_Description of the task_: With the images removed, write out each record exactly as given.
#### Records for the exercise
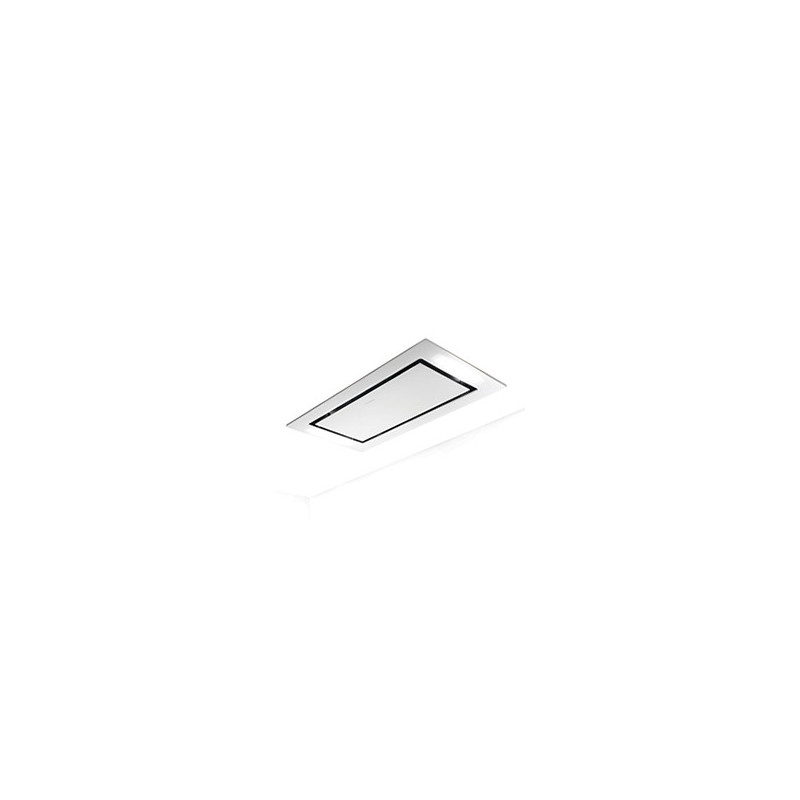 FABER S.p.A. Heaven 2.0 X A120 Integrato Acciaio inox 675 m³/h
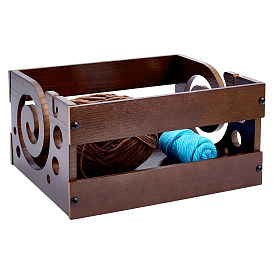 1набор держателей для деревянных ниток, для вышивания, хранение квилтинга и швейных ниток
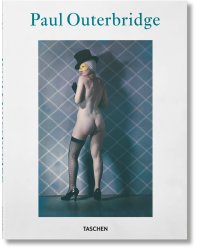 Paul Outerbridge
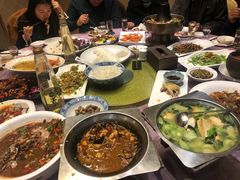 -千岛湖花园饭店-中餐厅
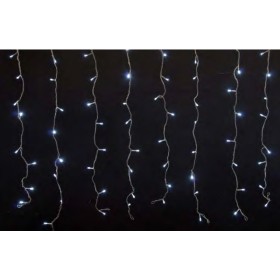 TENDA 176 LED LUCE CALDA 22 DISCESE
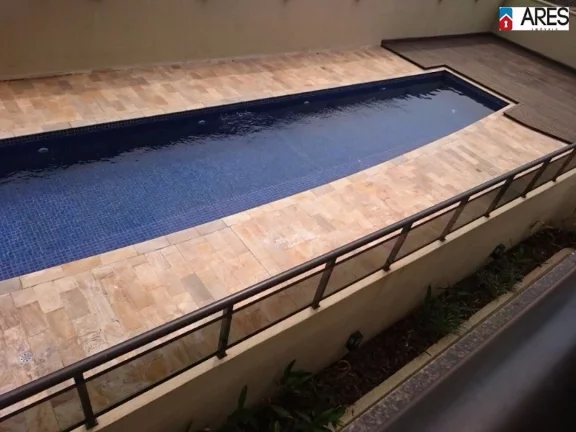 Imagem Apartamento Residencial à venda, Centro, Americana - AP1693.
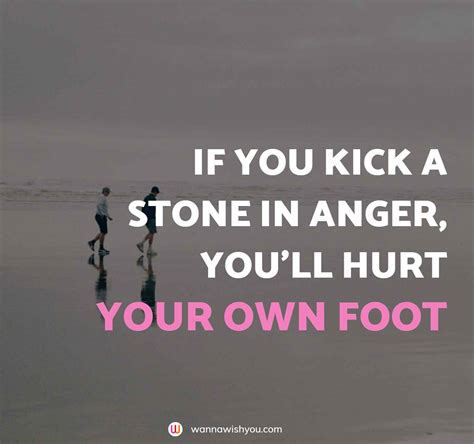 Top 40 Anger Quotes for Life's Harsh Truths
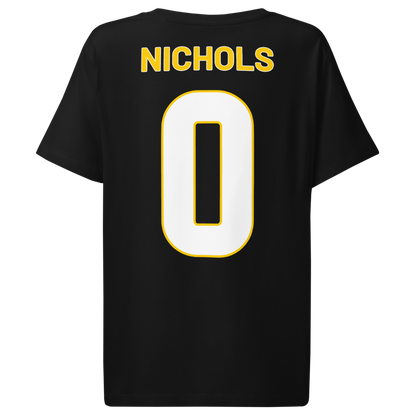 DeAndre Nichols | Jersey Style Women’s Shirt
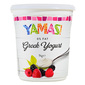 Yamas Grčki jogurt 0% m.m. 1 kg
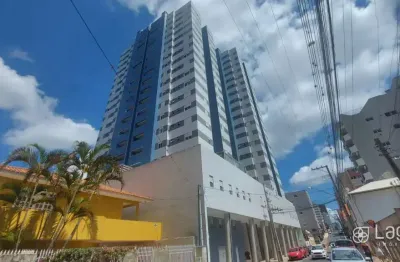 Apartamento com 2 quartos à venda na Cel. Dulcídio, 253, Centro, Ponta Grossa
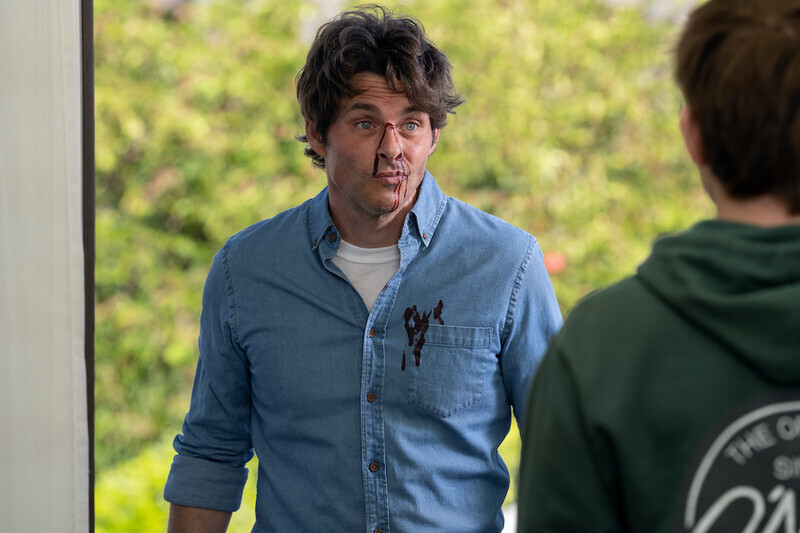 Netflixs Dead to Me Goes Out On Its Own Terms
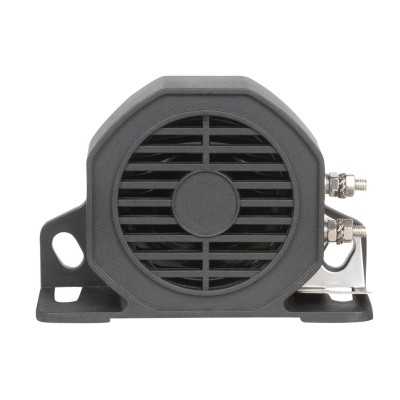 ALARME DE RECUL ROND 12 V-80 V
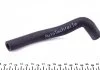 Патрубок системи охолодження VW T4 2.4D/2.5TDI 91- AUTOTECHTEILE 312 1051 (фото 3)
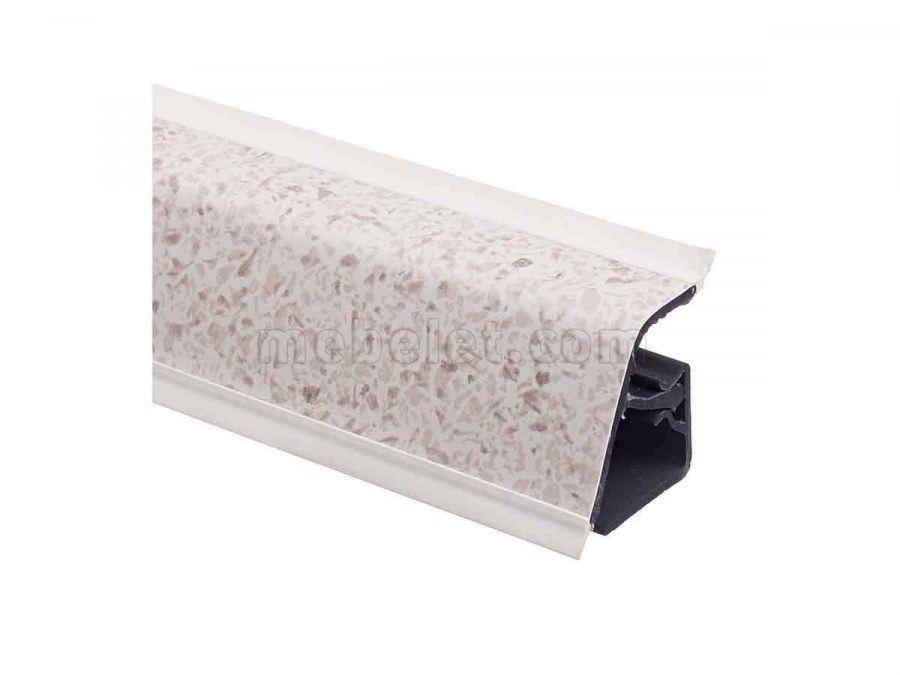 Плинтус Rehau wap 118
########
_Expected answer_:
 FABER S.p.A. Heaven 2.0 X A120 Integrato Acciaio inox 675 m³/h
 1набор держателей для деревянных ниток, для вышивания, хранение квилтинга и швейных ниток
 Paul Outerbridge
 -千岛湖花园饭店-中餐厅
 TENDA 176 LED LUCE CALDA 22 DISCESE
 Imagem Apartamento Residencial à venda, Centro, Americana - AP1693.
 Top 40 Anger Quotes for Life's Harsh Truths
 DeAndre Nichols | Jersey Style Women’s Shirt
 Yamas Grčki jogurt 0% m.m. 1 kg
 Apartamento com 2 quartos à venda na Cel. Dulcídio, 253, Centro, Ponta Grossa
 Netflixs Dead to Me Goes Out On Its Own Terms
 ALARME DE RECUL ROND 12 V-80 V
 Патрубок системи охолодження VW T4 2.4D/2.5TDI 91- AUTOTECHTEILE 312 1051 (фото 3)
 Плинтус Rehau wap 118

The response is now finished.